**DATA EXCERPT**
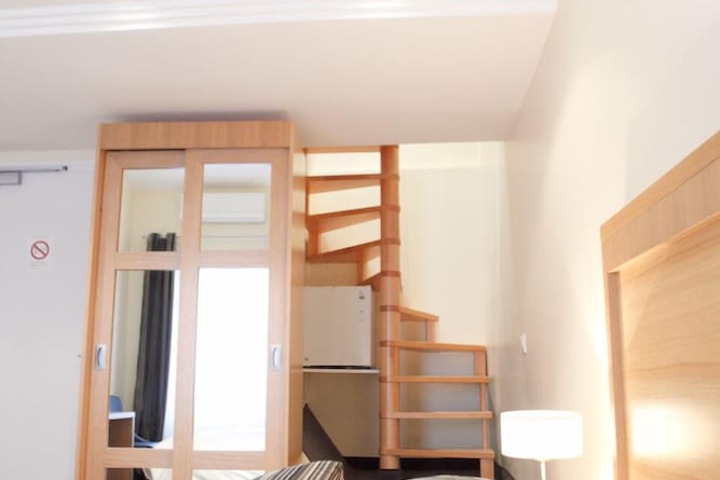 Room 5 of 47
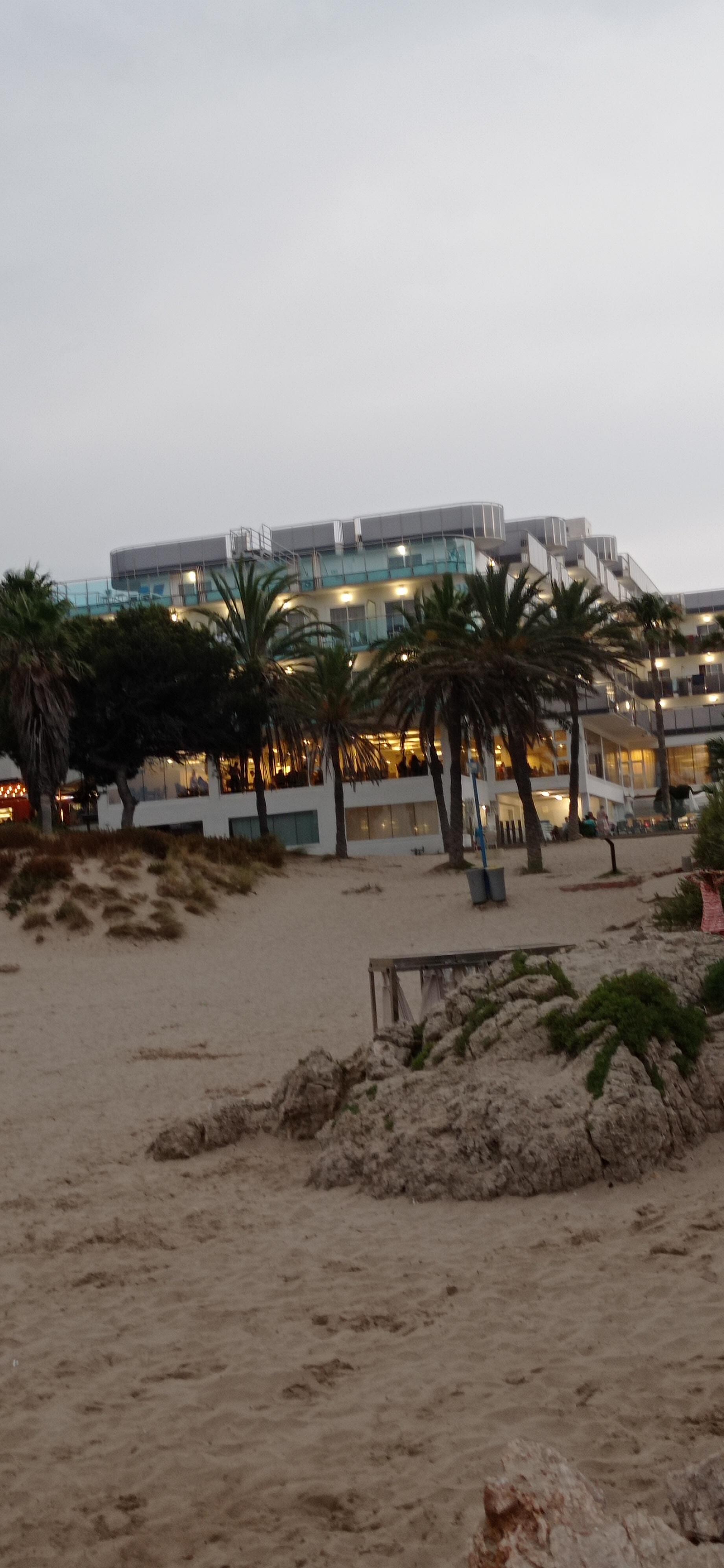 Playita pegada al hotel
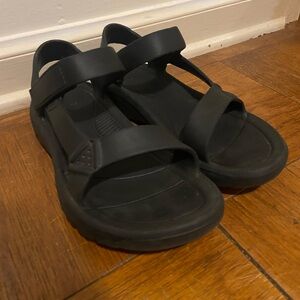 TEVA Black Hurricane Drift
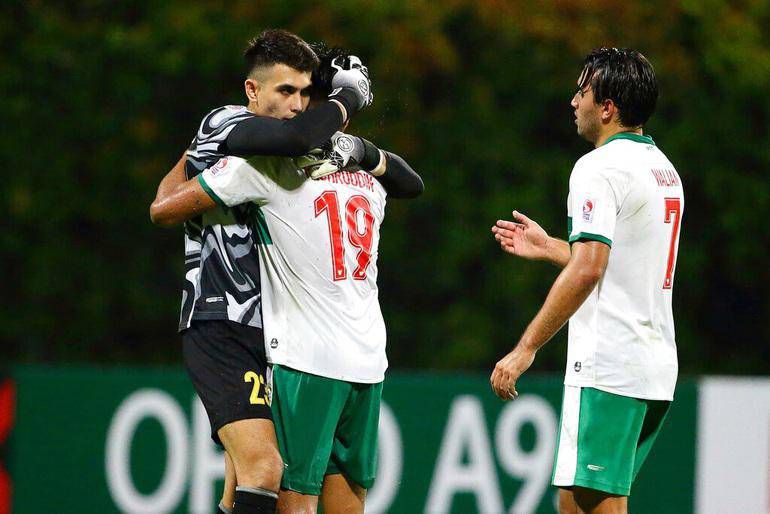 Cầu thủ đội tuyển Indonesia vui mừng sau khi cầm hòa Việt Nam. Ảnh: Dân Trí.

**YOUR TASK**
Copy the listing verbatim, omitting images.

**RESULT OF THIS EXERCISE**
 Room 5 of 47
 Playita pegada al hotel
 TEVA Black Hurricane Drift
 Cầu thủ đội tuyển Indonesia vui mừng sau khi cầm hòa Việt Nam. Ảnh: Dân Trí.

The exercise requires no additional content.